#### WORK REQUIRED
All records below should be repeated exactly, with the pictures left out.

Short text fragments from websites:
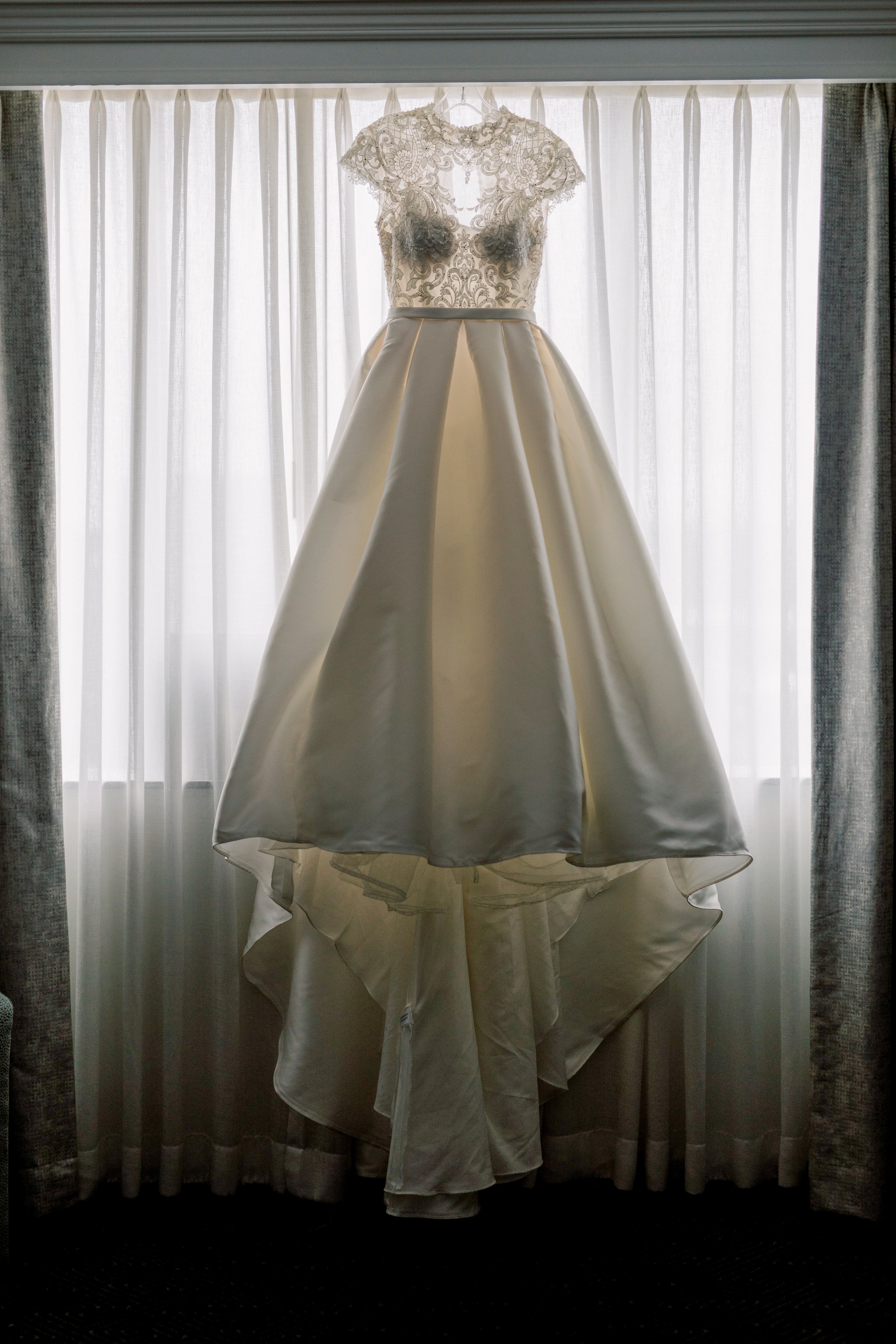 Wedding_Dress_Details_Bridal.jpg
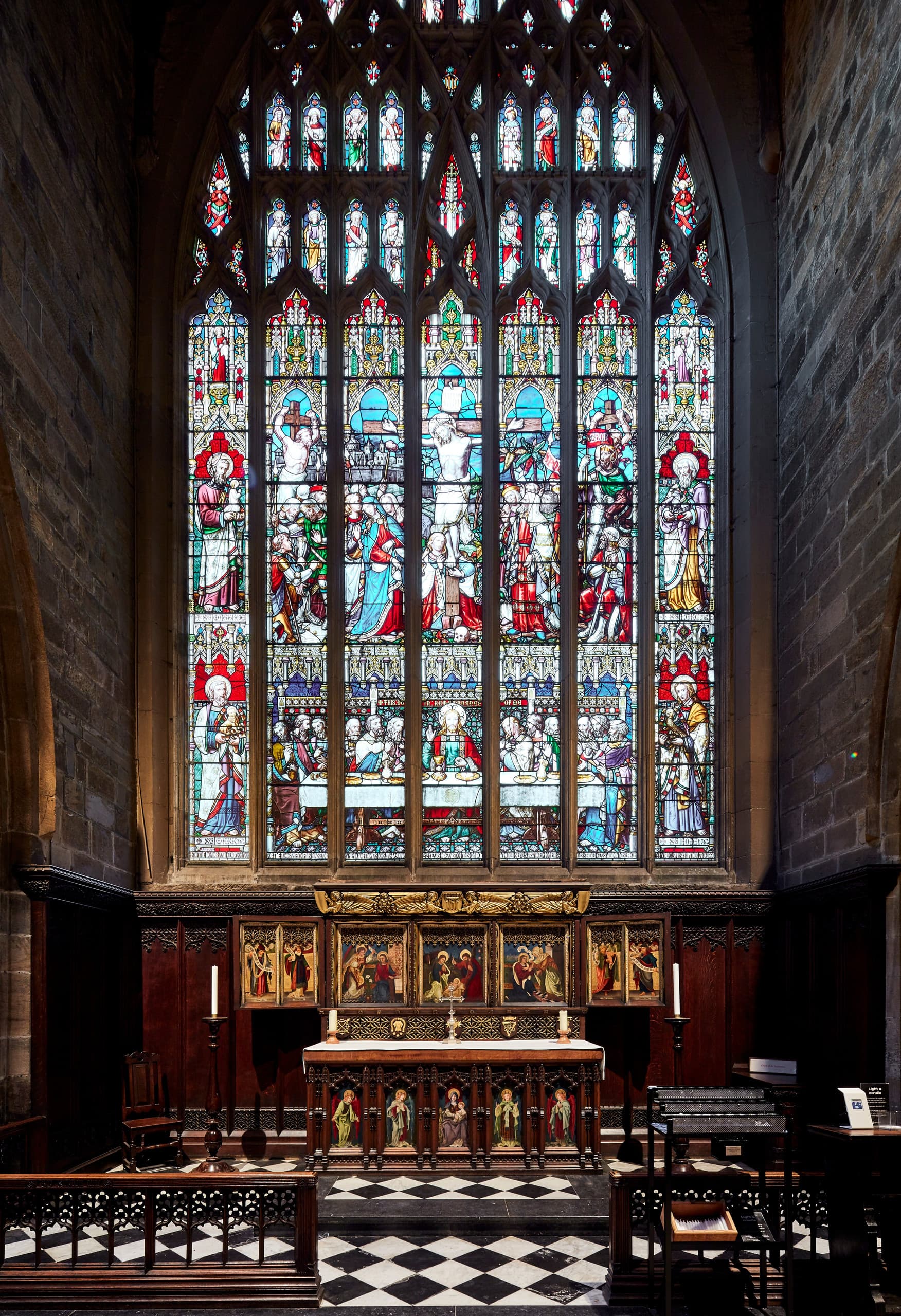 Buntglasfenster in der Newcastle Cathedral, beleuchtet mit ERCO LED-Lichtern.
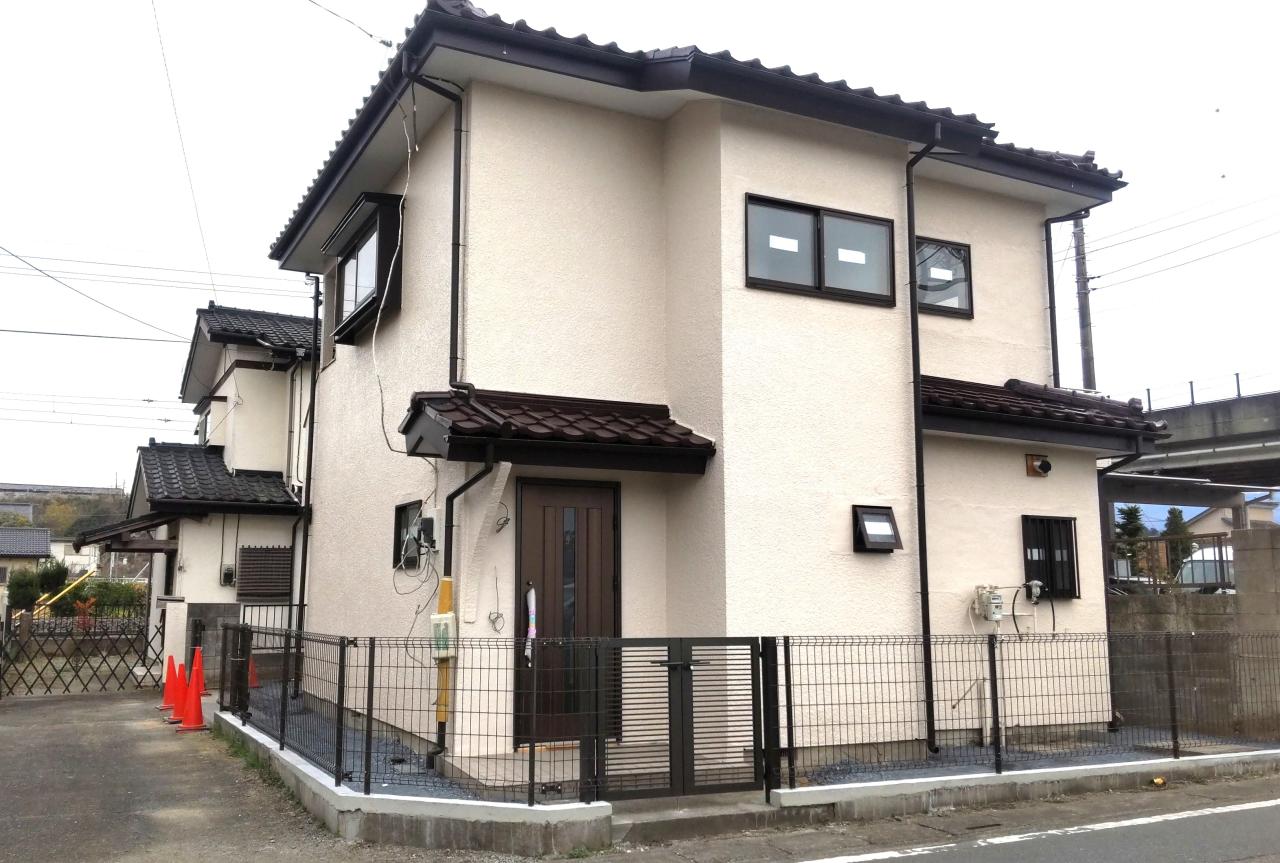建物外観　屋根・外壁塗装をし、フェンス・門扉を設置しました。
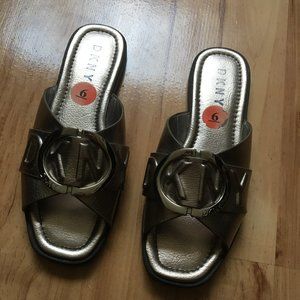 DKNY Sandals Silver Size 6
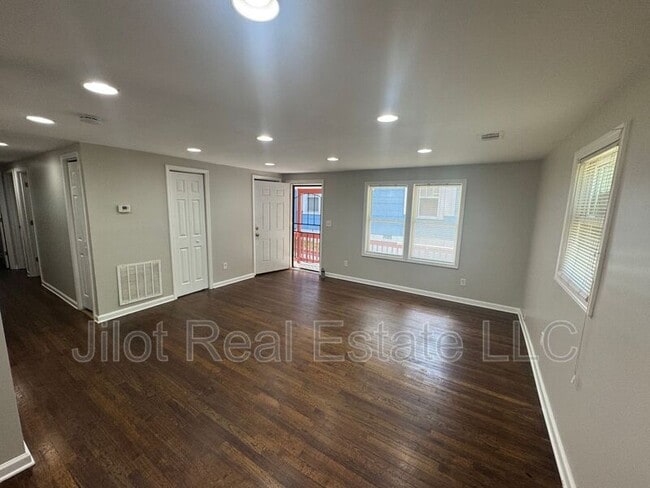 Building Photo - 1370 Clermont Ave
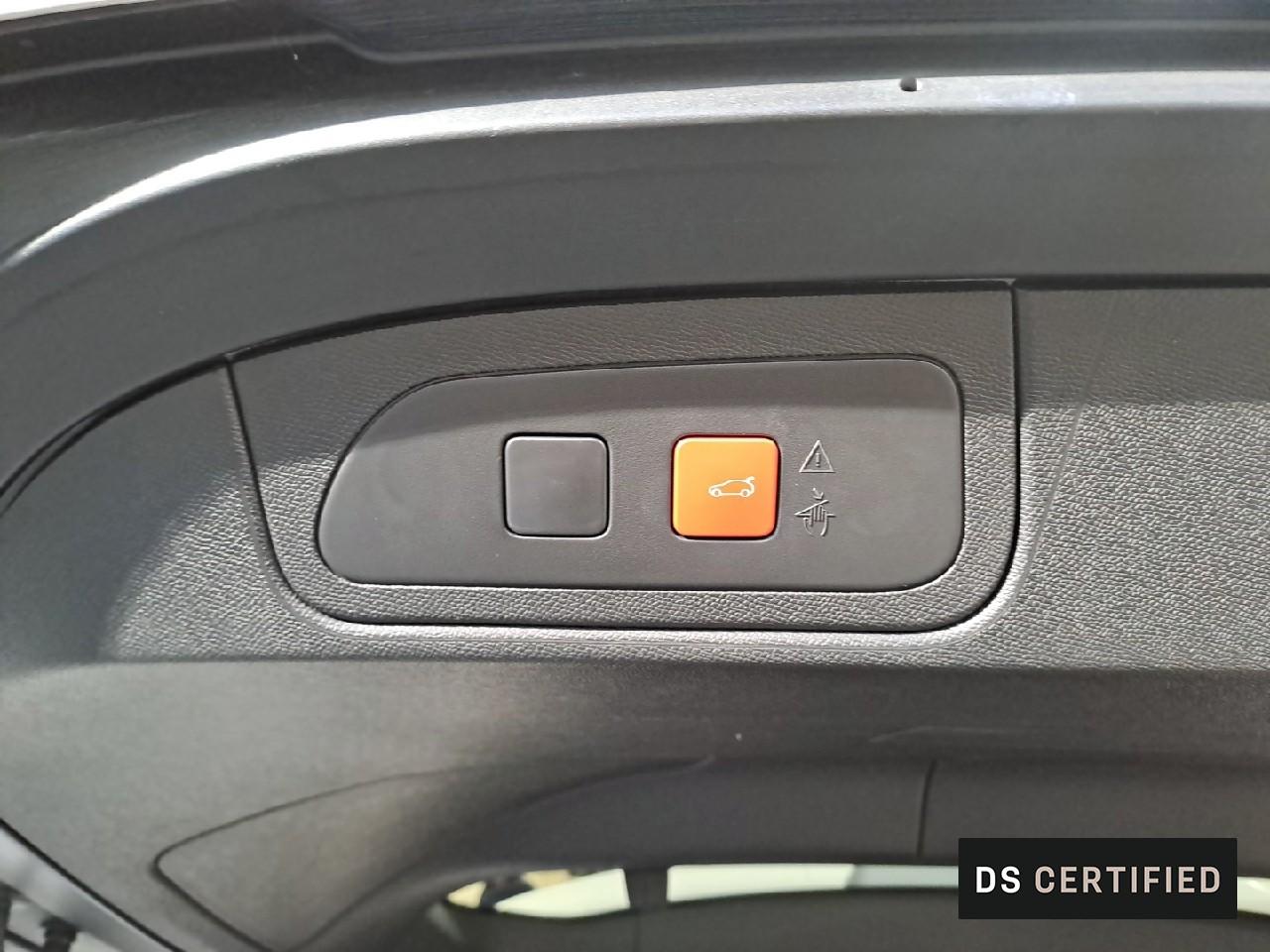 DS DS DS 7 Crossback usata, con airbag anteriore conducente, airbag anteriore passeggero con interrutore di disattivazione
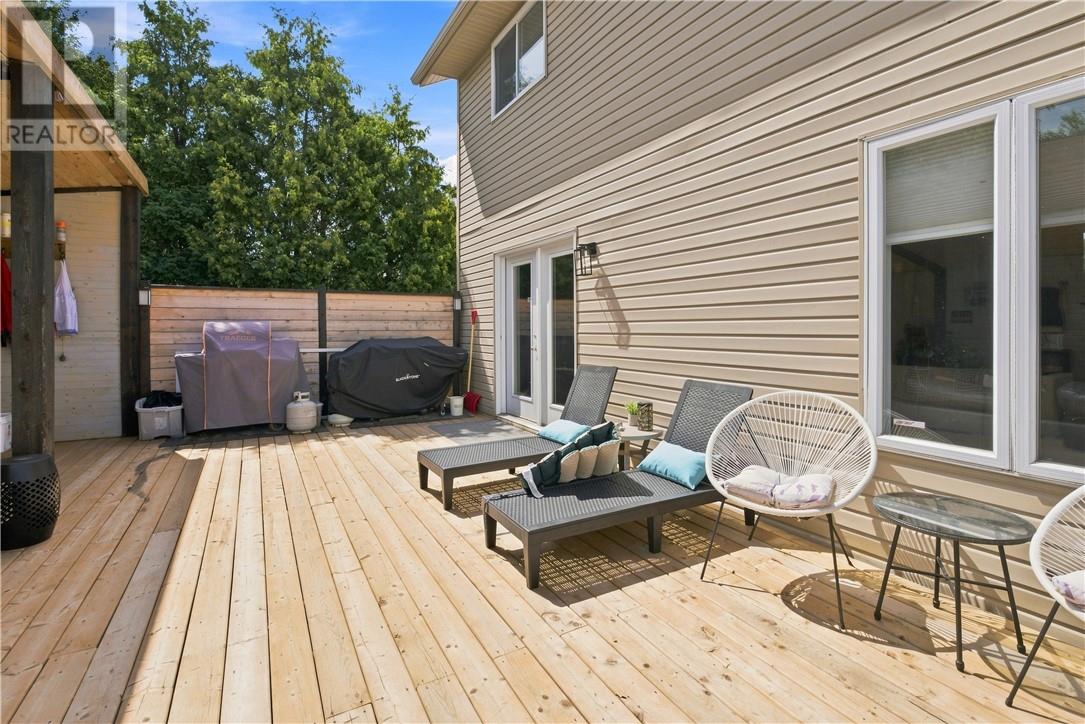 312 Braemore Cr Property Photo 16
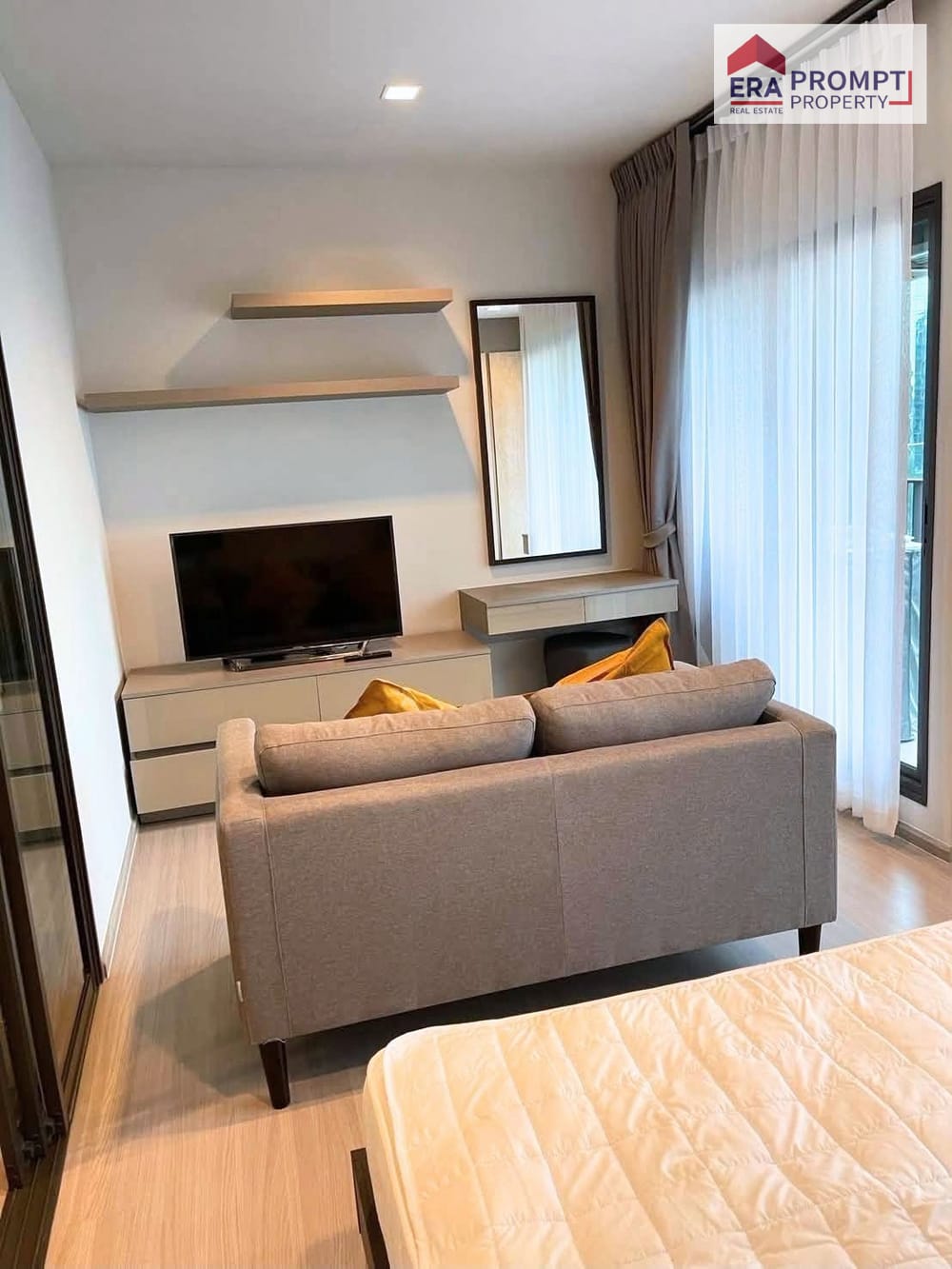  Life Asoke Rama 9 Condo for Rent | Beautifully Furnished, High Floor & Ready to Move In 6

#### RESPONSE AREA
 Wedding_Dress_Details_Bridal.jpg
 Buntglasfenster in der Newcastle Cathedral, beleuchtet mit ERCO LED-Lichtern.
建物外観　屋根・外壁塗装をし、フェンス・門扉を設置しました。
 DKNY Sandals Silver Size 6
 Building Photo - 1370 Clermont Ave
 DS DS DS 7 Crossback usata, con airbag anteriore conducente, airbag anteriore passeggero con interrutore di disattivazione
 312 Braemore Cr Property Photo 16
  Life Asoke Rama 9 Condo for Rent | Beautifully Furnished, High Floor & Ready to Move In 6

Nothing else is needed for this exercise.